▸ ABOUT THIS TASK
Leaving out all pictures, write down exactly the lines from the one containing "NUTREND 100% Whey Protein - 3x 1000g" through the last line of the material.
'''
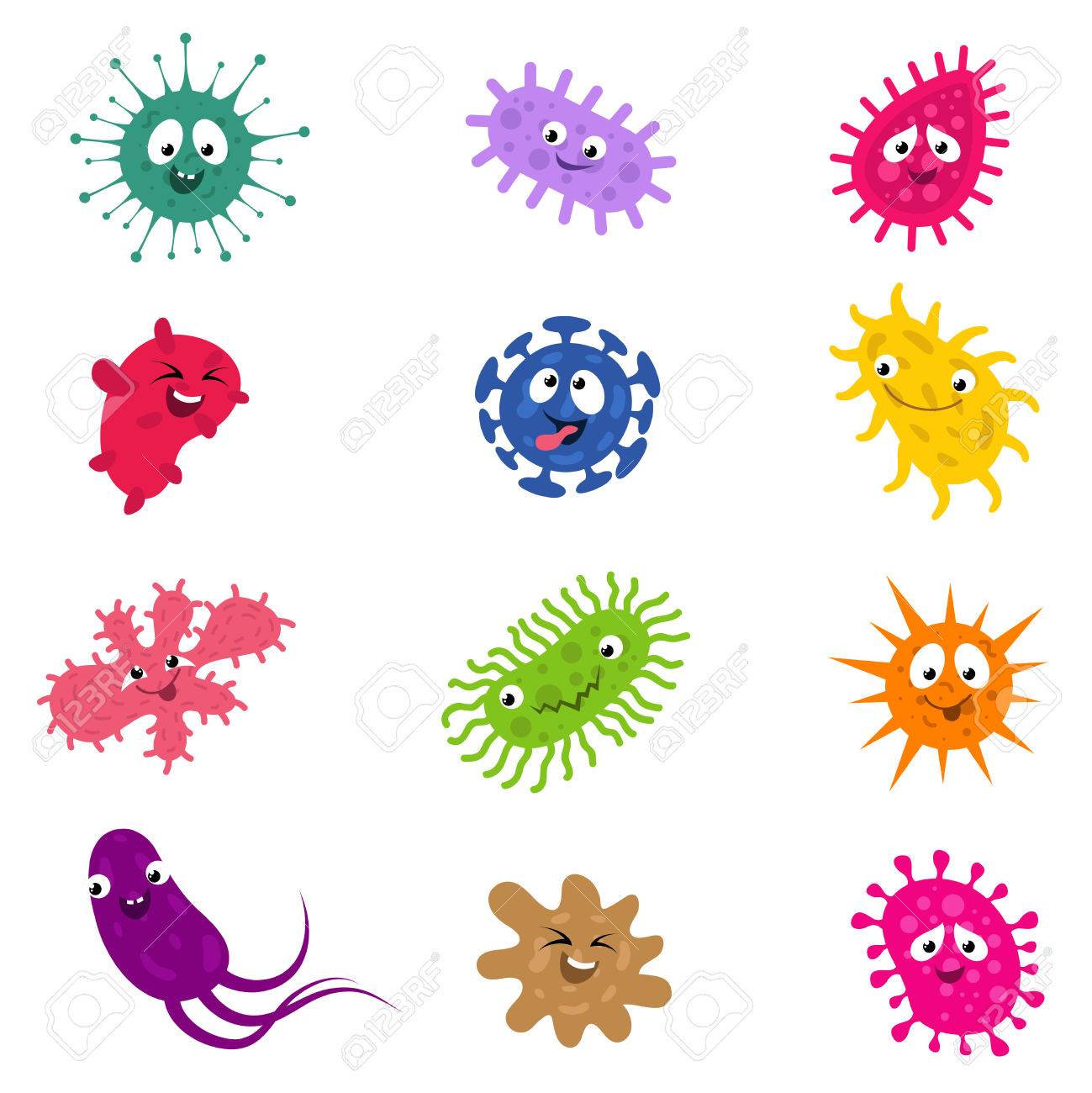 gérmenes del virus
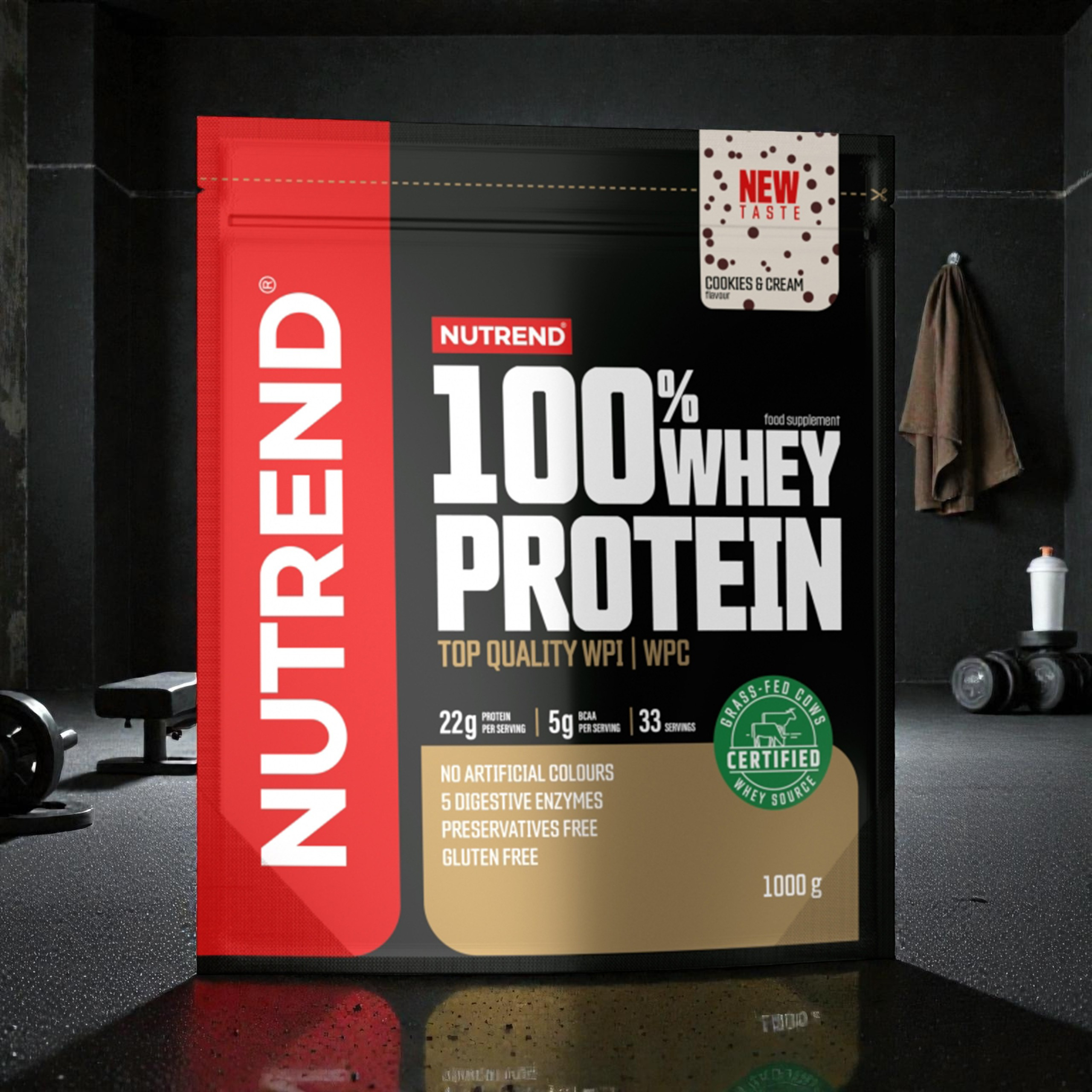NUTREND 100% Whey Protein - 3x 1000g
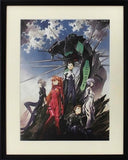 Sadamoto Yoshiyuki Neon Genesis Evangelion A3 Dupilicate Original Drawing A with Accessories Print [USED]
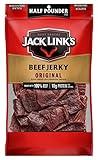 Jack Link's Beef Jerky, Original, 1/2 Pounder Bag - Flavorful Meat Snack, 10g of Protein and 80 Calories, Made with Premium Beef - 96% Fat Free, No Added MSG** or Nitrates/Nitrites, 8oz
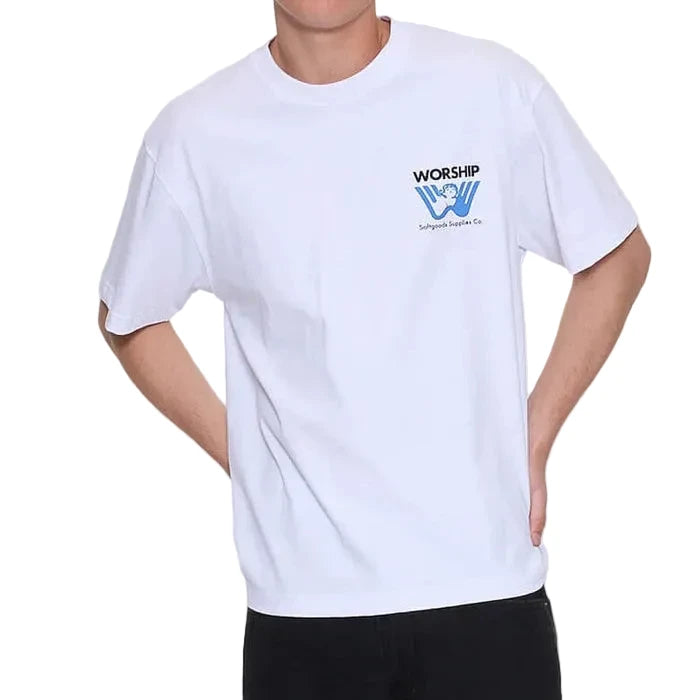 WORSHIP - GENESIS TEE - WHITE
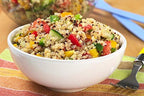 Pride Of India - Natural Three Color Quinoa - 100% Royal Bolivian Superior Grade Protein Rich Whole Grain, 1.5 lbs (24oz) Jar
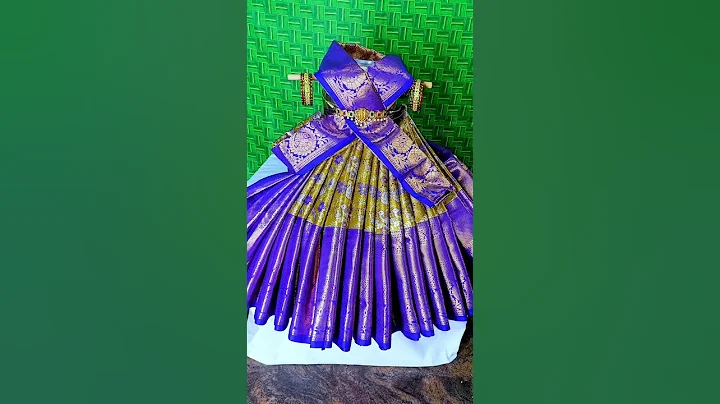 #easy saree draping for varamahalakshmi 👆#varalakshmi #viralvideo #trending #shorts #youtubeshorts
'''
▸ OUTPUT
NUTREND 100% Whey Protein - 3x 1000g
 Sadamoto Yoshiyuki Neon Genesis Evangelion A3 Dupilicate Original Drawing A with Accessories Print [USED]
 Jack Link's Beef Jerky, Original, 1/2 Pounder Bag - Flavorful Meat Snack, 10g of Protein and 80 Calories, Made with Premium Beef - 96% Fat Free, No Added MSG** or Nitrates/Nitrites, 8oz
 WORSHIP - GENESIS TEE - WHITE
 Pride Of India - Natural Three Color Quinoa - 100% Royal Bolivian Superior Grade Protein Rich Whole Grain, 1.5 lbs (24oz) Jar
 #easy saree draping for varamahalakshmi 👆#varalakshmi #viralvideo #trending #shorts #youtubeshorts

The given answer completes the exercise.